Este deporte le dio muchos momentos buenos y son innumerables. “Compartir cada tercer tiempo con mis compañeros del club más allá del resultado y con los adversarios. En cada partido conocíamos a personas de los distintos equipos y tuve la suerte de haber hecho bastantes amistades con gente de Santiago y de otras ciudades. Disfrute mucho cuando estuve en el seleccionado juvenil M18 con el que salí campeón del Torneo Argentino. Sin dudas unos de los mejores año que tuve. Pude hacer muchos viajes largos y lindos. Conocí muchas provincia y que desde muy chico nunca me imaginé estar y con el seleccionado Mayor me paso igual”.

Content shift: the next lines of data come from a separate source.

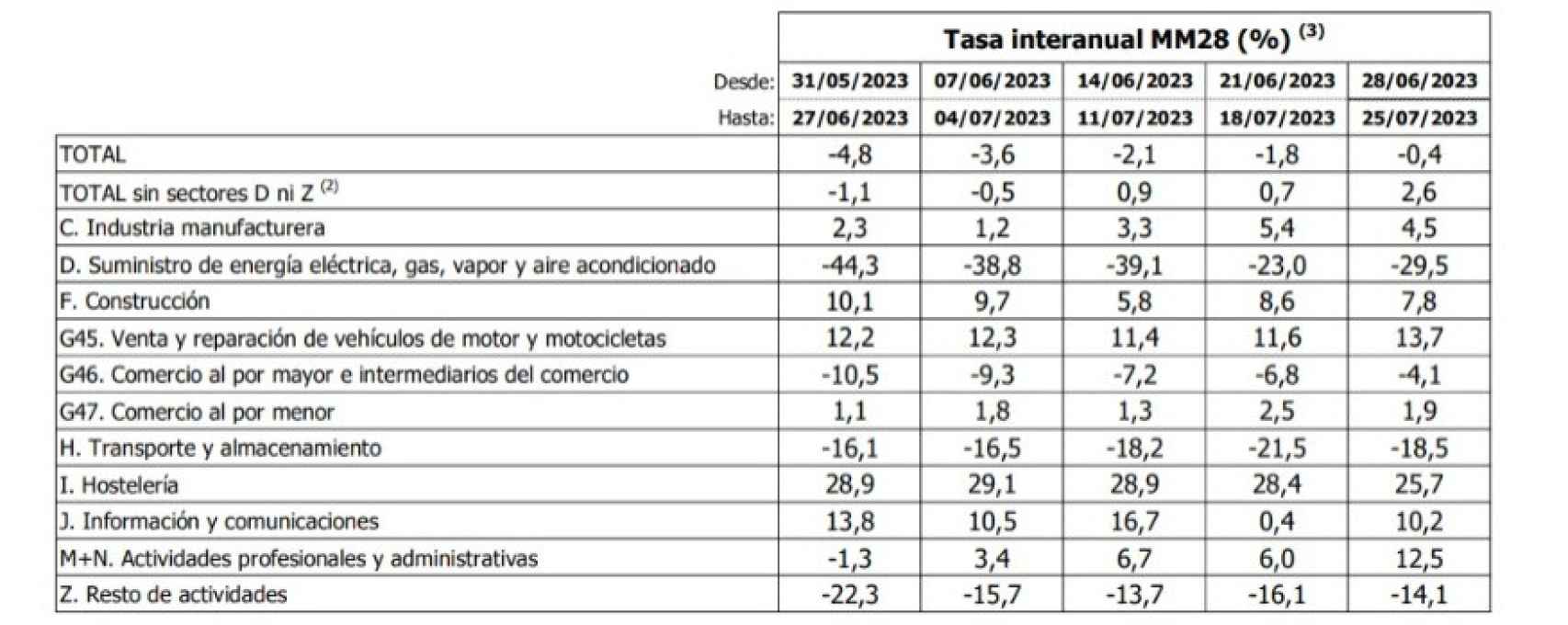 Evolución de las ventas por sectores, en  porcentaje. Fuente: Agencia Tributaria.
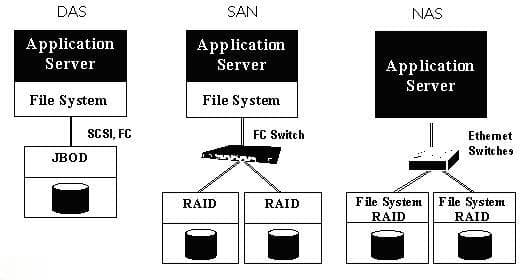 DAS、SAN、NAS（NFS，CIFS）介绍和区别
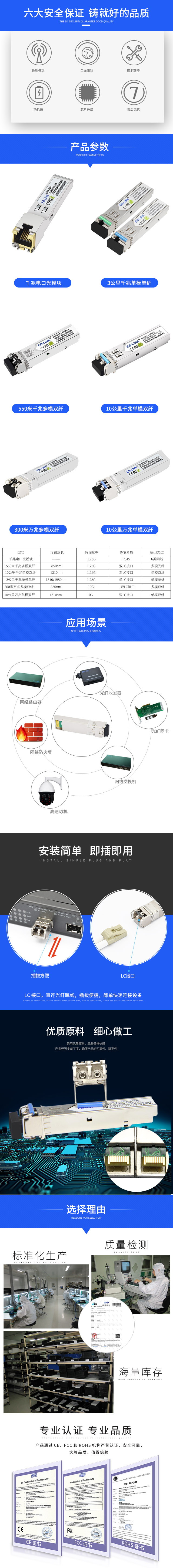 SFP Gigabit electrical port module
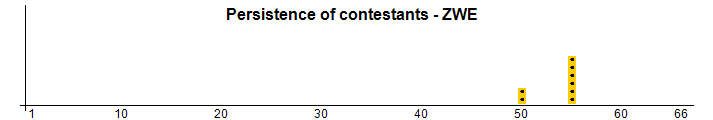 Persistence of contestants - ZWE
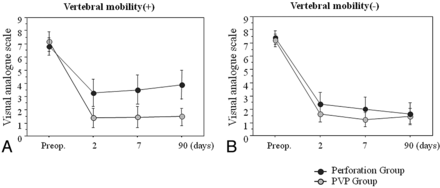 Fig 2.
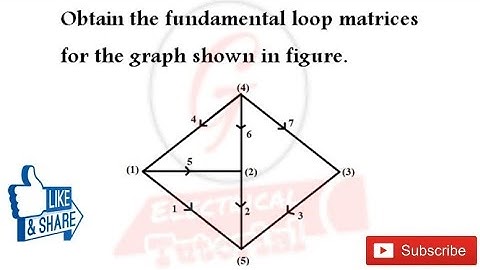 18. Development of Tie Set Matrix or Fundamental Loop Matrix From Given Graph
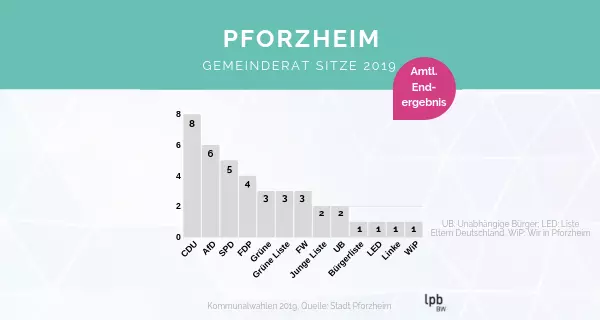 Gemeinderat Pforzheim. Grafik: LpB BW / Woitt.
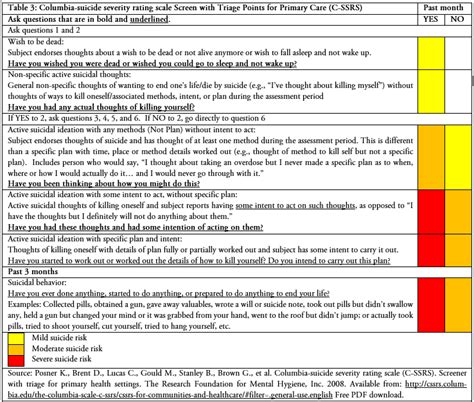 Literature Review To Identify Standardized Scales Of Assessment Of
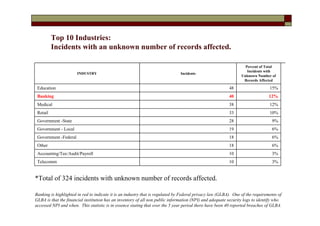 Top 10 Industries:
          Incidents with an unknown number of records affected.

                                                                                                                   Percent of Total
                                                                                                                    Incidents with
                       INDUSTRY                                                Incidents
                                                                                                                 Unknown Number of
                                                                                                                  Records Affected

 Education                                                                                                48                    15%
 Banking                                                                                                  40                    12%
 Medical                                                                                                  38                    12%
 Retail                                                                                                   33                    10%
 Government -State                                                                                        28                     9%
 Government - Local                                                                                       19                     6%
 Government -Federal                                                                                      18                     6%
 Other                                                                                                    18                     6%
 Accounting/Tax/Audit/Payroll                                                                             10                     3%
 Telecomm                                                                                                 10                     3%


*Total of 324 incidents with unknown number of records affected.

Banking is highlighted in red to indicate it is an industry that is regulated by Federal privacy law (GLBA). One of the requirements of
GLBA is that the financial institution has an inventory of all non public information (NPI) and adequate security logs to identify who
accessed NPI and when. This statistic is in essence stating that over the 5 year period there have been 40 reported breaches of GLBA.
 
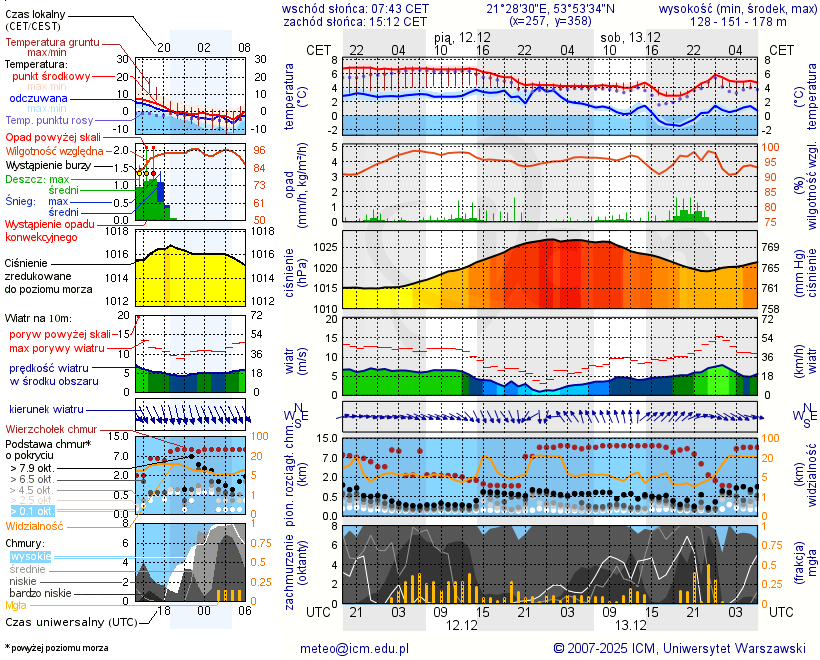 Pogoda żeglarska UM - Górkło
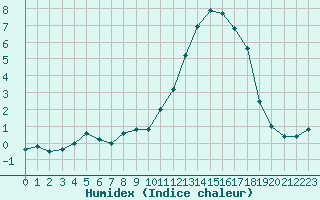 Courbe de l'humidex pour Chamonix-Mont-Blanc (74)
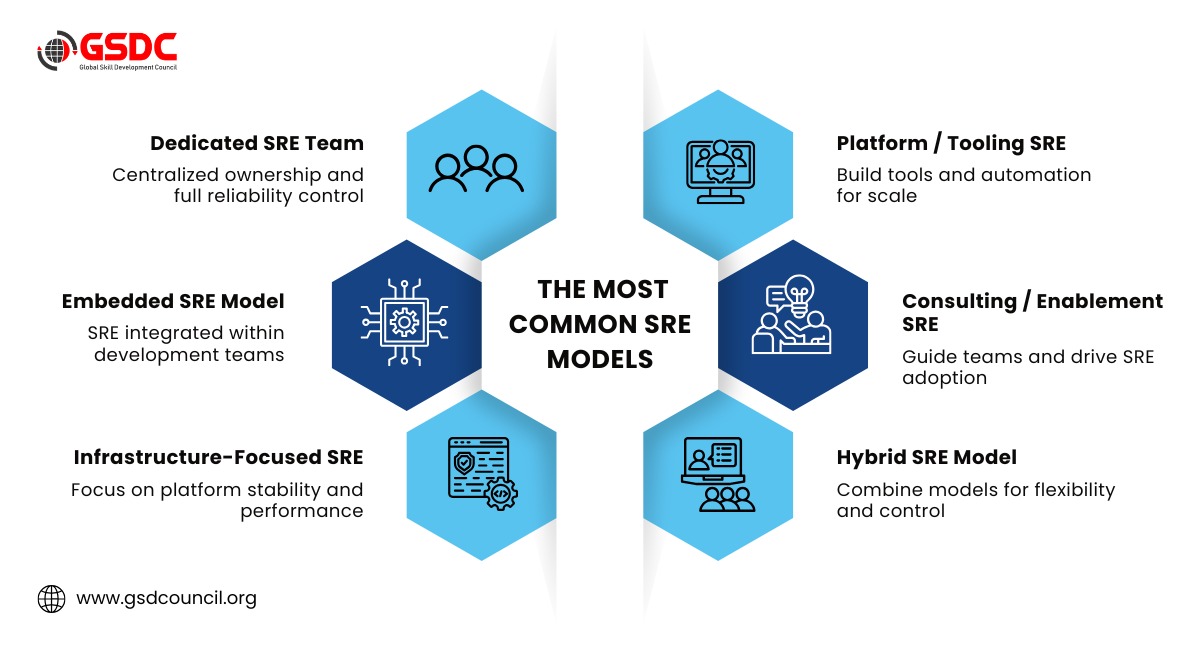 Understanding the SRE Model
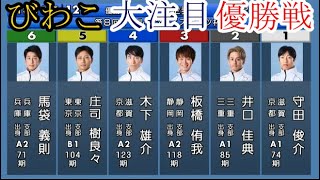 【びわこ競艇】大注目「優勝戦」①守田俊介②井口佳典③板橋侑我④木下雄介⑤庄司樹良々⑥馬袋義則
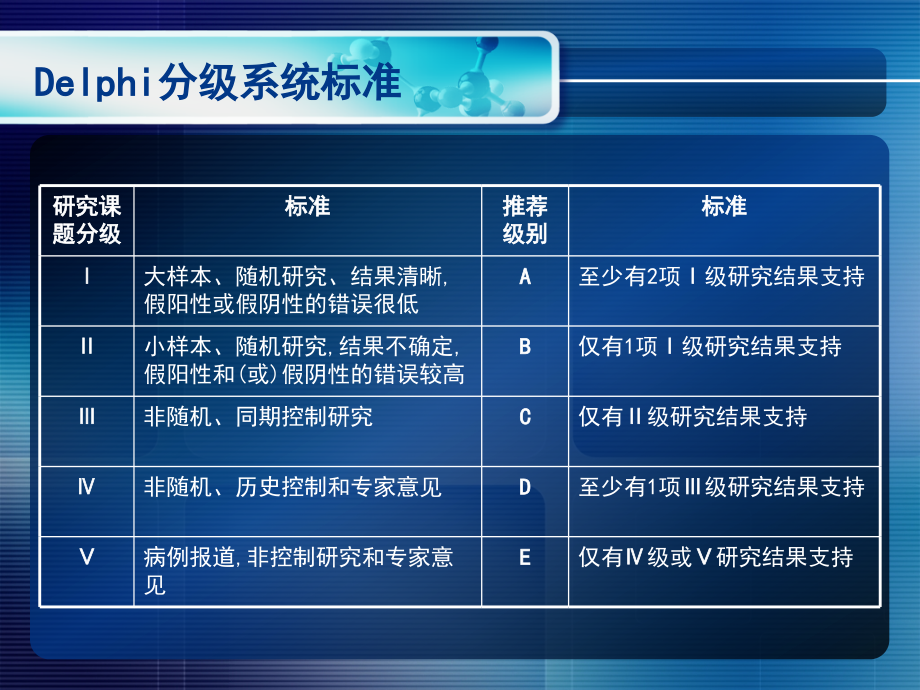 感染性休克指导.ppt_第2页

También hubo bajones. “Haber perdido jugadores que ya no están más en el club por ejemplo la mayoría de las personas que jugamos juntos en juveniles se encuentran estudiando en distintos lugares y por otro lado personas que ya no están físicamente como Lucas Bulacio, Toti Cáceres y Buñuelo, entre otros. Fueron personas que siempre están en mí porque son del club y porque compartimos muchos momentos dentro y fuera de las canchas”, indicó.Sobre lo que le deja como enseñanza para la vida este deporte Gabriel respondió: “Me enseña que sin esfuerzo, sacrificio, trabajo, compromiso, responsabilidad y dedicación no puedes llegar a hacer algo que te guste”.Añatuya Rubgy es su club. Aquí aprendió todo y están sus amistades. “Este club es lo mejor. Mi segunda casa si se podría decir. Vivía en el club practicando pases, patadas, recepción y entre otras cosas y estar en el vestuario con la casaca del club y con mis compañeros, después salir a la cancha es algo único, una energía tremenda. Mi corazón a mil por hora”, reconoce.“Poti” dejó un mensaje para las nuevas generaciones de rugbiers de su ciudad. “No dejen de practicar porque es algo muy lindo y capaz no se dan cuenta pero la mejor etapa esta cuando sos juvenil. Tiene algo muy bueno, compartes risas, charlas, se conocen más y eso es lo bueno, la confianza es mucho más grande y después ya es distinto cuando sales a jugar”, contó.